Dear Claire,

I play golf with a friend once a month. He’s a pretty nice guy and an excellent golf partner, but his political views are basically the exact opposite of mine. I try to avoid talking politics with him in an effort to keep our golf games light and friendly, but he has recently decided to run for local government. His platform represents everything I disagree with, which he knows, but he has appealed to me as a friend and asked I put one of his campaign signs in my lawn. How do I tell him no without losing him as a golf buddy and friend?

All the best,

Political in Portland


Dear Pip. Dear, sweet, simple Pip.

My lean little lunchmeat, the answer to your question is so easy, I should probably let you figure it out for yourself! Wouldn’t that be a hoot, watching as you ponder. Ponder, my olive loaf, ponder up, up and away! But oh no! You’ve pondered too hard, and now there are tears. I’m so sorry, my sweet cellophane bag of cold cuts, I shouldn’t have played with you like that. Dry your tears and come here to me – I will comfort you with vanilla-scented hugs and some soft James Taylor-based humming. Feel better? Wonderful.

Pip, you and your golfing chum are both hoping that friendship overrides politics – adorable. I won’t deny that it does, but mostly because I cannot handle another breakdown from you right now. I’m simply all hummed out. However, do you have a guess as to what overrides friendship? Before the tears welling up in your eyes spill over yet again, I will tell you: marriage. I assume you are married, Pip? Any man who golfs monthly is certainly looking to get away from the ol’ ball and chain, amirite? Bitches be shopping and whatnot! Well, if someone you were married to – for instance, your wife – were running against your friend for the same office, he would certainly understand why you couldn’t display his probably very well-designed yard sign. Now, your wife doesn’t have to actually win the election – considering her feminine unpredictability and monthly ‘incidents’, it’s probably best that she doesn’t. But the mere act of running against him would make this whole conundrum a non-issue – how could he ask you, his good buddy, to campaign against your own wife on your own marital lawn. And the best part, my sweet salami, is that should your friend dare to bring up this conflict of interest during one of your monthly golfings, you can place the blame fully on your disloyal bride! “Oh, I don’t know where she gets these crazy ideas, friend,” you could say, shaking your head as you take a few dramatic practice swings. Presto, change-o – friendship saved, yard sign moot, drama avoided!

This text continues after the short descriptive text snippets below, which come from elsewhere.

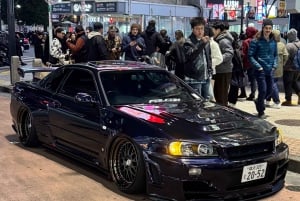 【R34】Tokyo： privétour Daikoku in aangepaste R34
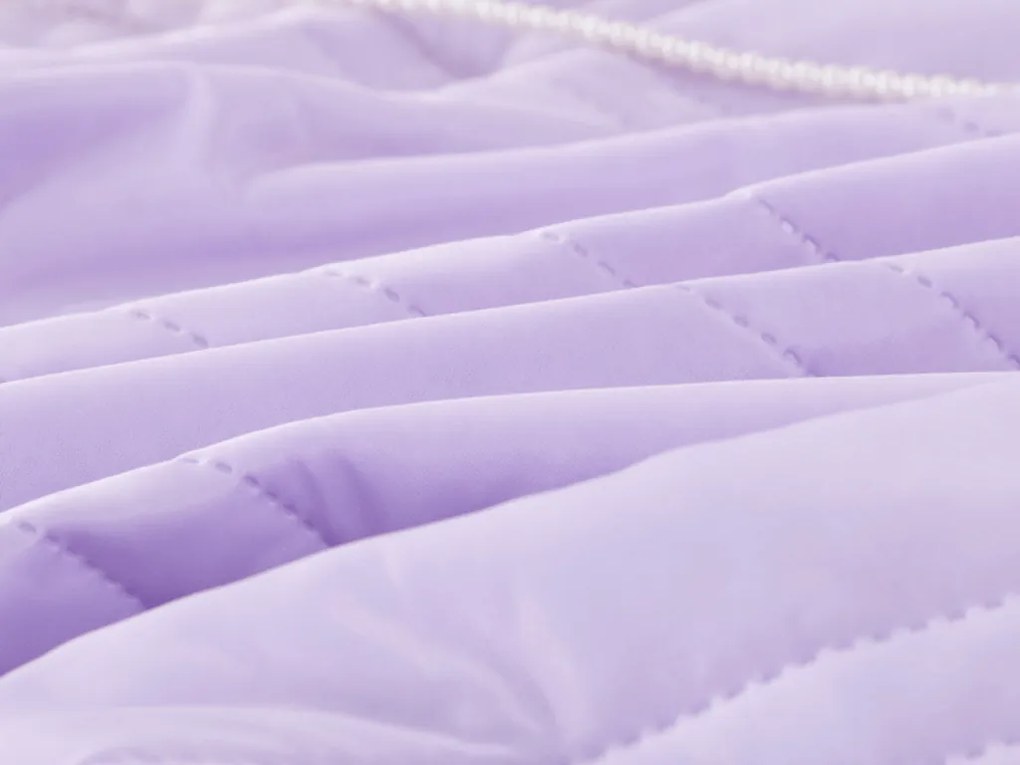 Hűsítő nyári paplan CELIA, lila Méret: 200 x 220 cm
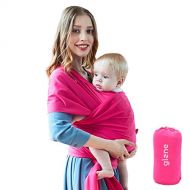Baby Wrap Carrier  Ultra Soft Cotton, Breathable Infant Sling, Hands Free Carrier, Nursing Cover - Newborn to 35 lbs - Four Way Stretch - by Glone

Now seeing as though you are such a sensitive man, Pip, there exists a strong possibility that you have not fully established your dominance over the Mrs. If I’m correct and you haven’t shown her who wears the plaid golfing pants in your marriage, she may refuse to take on your friend in the election. She may say she’s “busy”, or “not interested”, or “leave me alone, I’m taking my insulin”. Don’t despair, my pretty pansy Pip, she doesn’t even need to know she’s a candidate! Sign her up and run away! If she does happen to find out, simply tell her that local elections are much like the nominations of high school homecoming courts. She’ll be so distracted by the possibility of a tiara, she won’t even think to look into the electoral process. It’s a win-win for all! Unless, of course, your wife does indeed win the election. Then prepare yourself for a full term of white wine caucuses and pumpkin spice public forums.

Hit a field goal for me during your next golf, Pip!